В этом таланте он был пошл и трогателен. В использовании денег он был трогателен и не пошл. Куда-то вкладывал, где-то играл, нес в дом, вкладывал в дело. Он никогда из-за Норы не покупал искусства в дом, боясь быть осмеянным, но часто и подолгу втайне от всех носил в себе какое-нибудь впечатление, даже особо не зная, к чему его применить.
Через день приехал Кремер. Без звонка пришел к ним, открыла Нора, и они сидели и пили чай, как ни в чем не бывало. Кремер чудил, носил вещи наизнанку, потому что якобы натирал свитером подмышки. Они надолго уходили с Павлом, говорили за пивом о Боге, мужской дружбе, мужской любви, которую никакая женщина не может понять. Паша сначала брезговал темой, но потом втянулся в разговор и рассказал о Норе. Напускное, – заключил Кремер, внимательно выслушав его рассказ, – фантазирует от тоски. Может, ты плохо ее любишь, а, Пашка?

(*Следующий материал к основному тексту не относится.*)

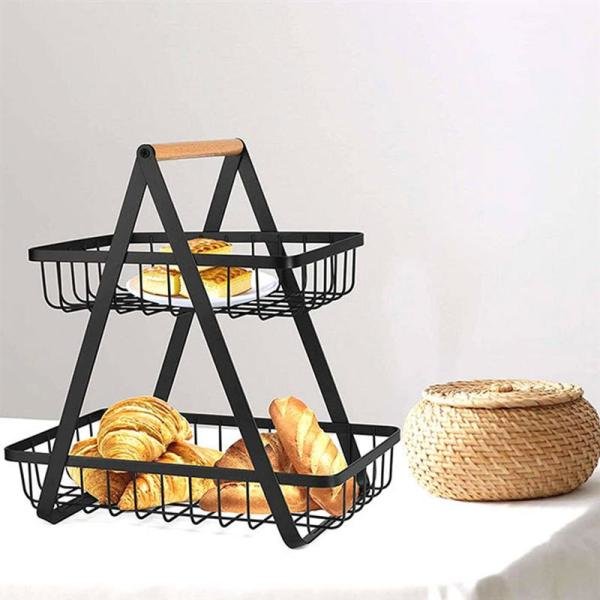 Iron Basket Double-Layer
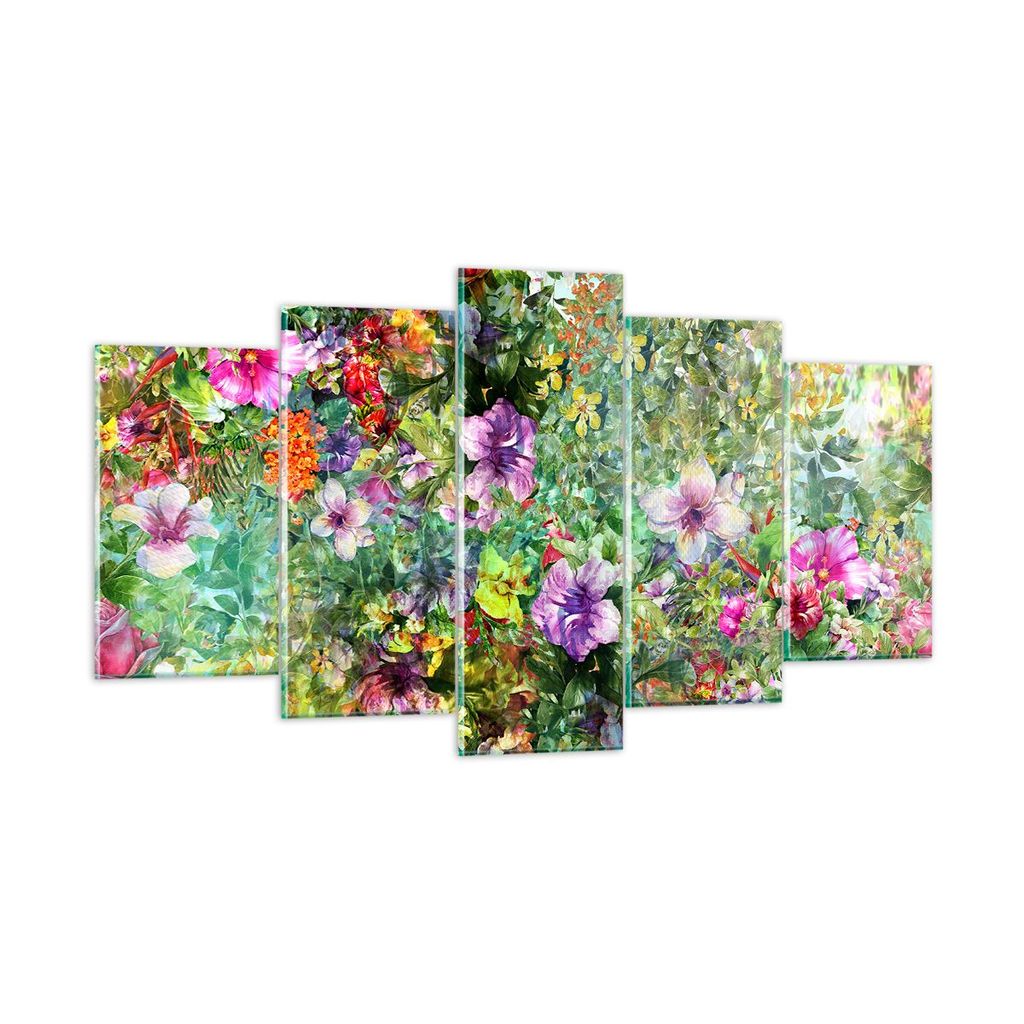 Bilder auf glas - blume sommer natur - 160x85cm - Glasbilder - Wandbilder - Kunstdruck - zum Aufhängen bereit - Wanddekoration aus Glas - Glas Bil...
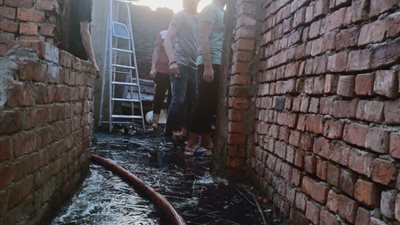 السيطرة على حريق منزل بطوخ دون خسائر بشرية | صور 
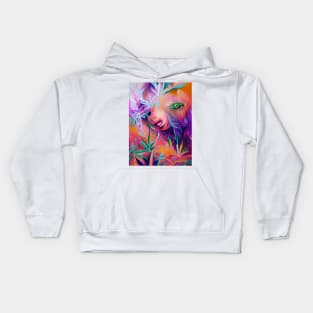 Leafy Vibrance Kids Hoodie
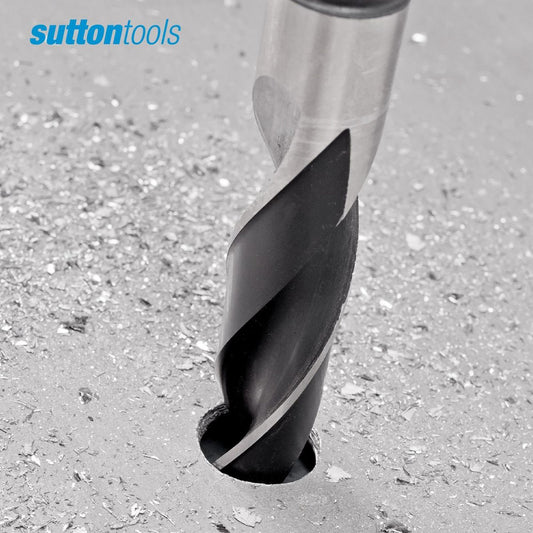 Sutton Tools Jobber Drill Bit - 14 x 12.5mm - M2 HSS - Ferrous Use – view 2 - Auzzistore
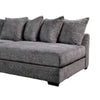 Leane Sectional Sofa Dark Gray Chenille 12 PIllows 145 Inch BM328950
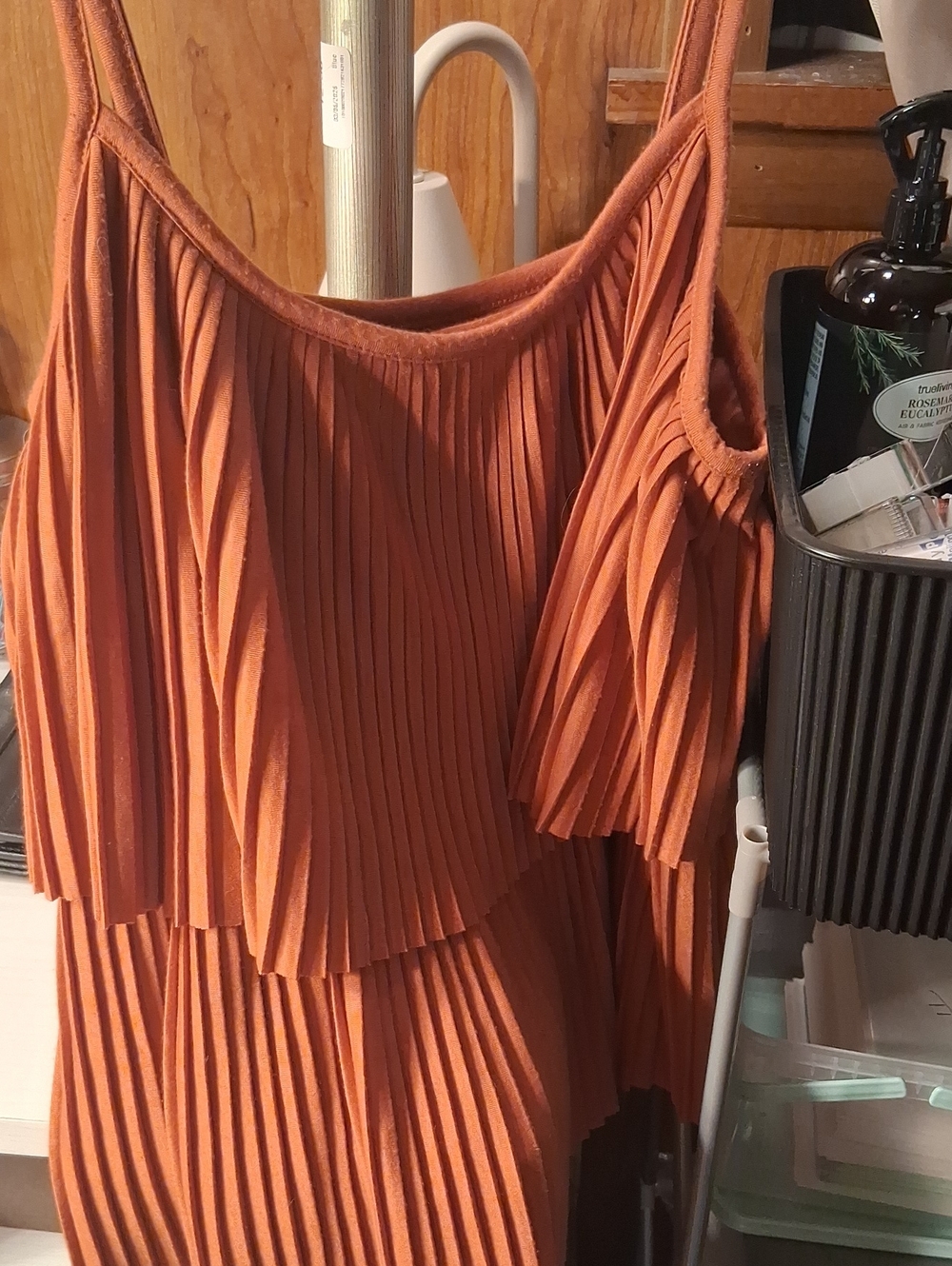 Forever 21 Rust-Toned Pleated Tank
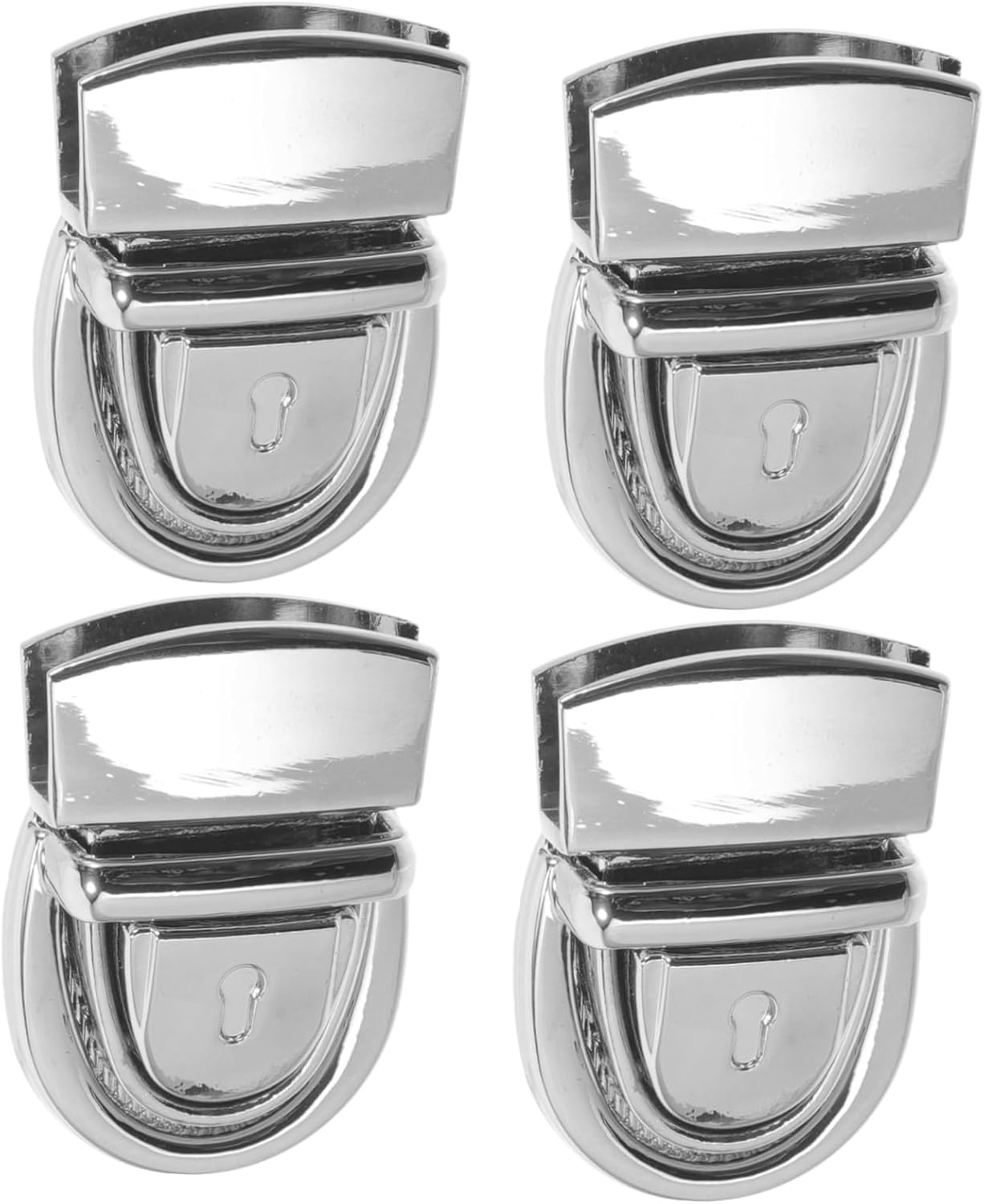 CIMAXIC 4Pcs DIY Bag Buckle Locks Zinc Alloy Press Locks for Handbags Travel Bag Accessories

Петр Кремер был некрасив, отчего сделался со временем еще более талантлив. Его талант был цветком, на который он привлекал женщин. Он прятался за ним, отгораживался от их пристального разглядывания, он им пах, для того, чтобы женские взгляды скользили прочь от крупных бородавок на лице, дряблой кожи, редких и крупных зубов. Он засматривался на Пашу, его благородный лоб, откинутые назад светлые волосы, мужественный подбородок. Он не понимал, почему тот так страдает и не может завести себе другую женщину, чтобы просто выровнять душу, ведь он сам, Кремер, никогда из-за своей некрасивости не порабощал женщину, подозревая в ней извечную готовность к измене. Он жестоко ошибался, его любили по-настоящему, тайно рожали от него детей, из-за него лились слезы и исписывались дневники, но он продолжал оценивать себя только с внешней стороны, как он оценивал пейзаж или натюрморт, решительно пренебрегая тем, что дорого женщине, тем, что было у него в избытке и практически отсутствовало в Паше – силой духа.
Кремер жил всю жизнь с Ниной. Он не боялся ее, потому что знал всю эту самую жизнь. Они учились вместе в школе, она давала ему списывать, потом она все делала за него, кроме рисования, когда они учились, он – в Суриковском, она – в Институте Всевозможных языков. Она всегда была рядом с ним, он не помнил, на какой переменке они познакомились, на каком курсе поцеловались, когда окончательно сроднились и стали жить вместе. Он завоевывал других, чернел лицом от страданий, которые рождали в нем другие яркие женщины, но не Нина, не то чтобы некрасивая, нет, а какая-то совсем своя, неотделимая и потому никогда не враждебная. Она была Ниной Антоновой, потом как-то незаметно сделалась Ниной Кремер, она пекла куличи, заботилась и нянчилась, делаясь незримой, когда Петр погружался в пучину очередной, на первый взгляд разрушительной, но на самом деле созидательной для него, страсти.
Как Нина? – вот уже тридцать лет подряд Павел дежурно спрашивал Кремера, как только его видел. Это был вопрос вежливости, вошедший в привычку.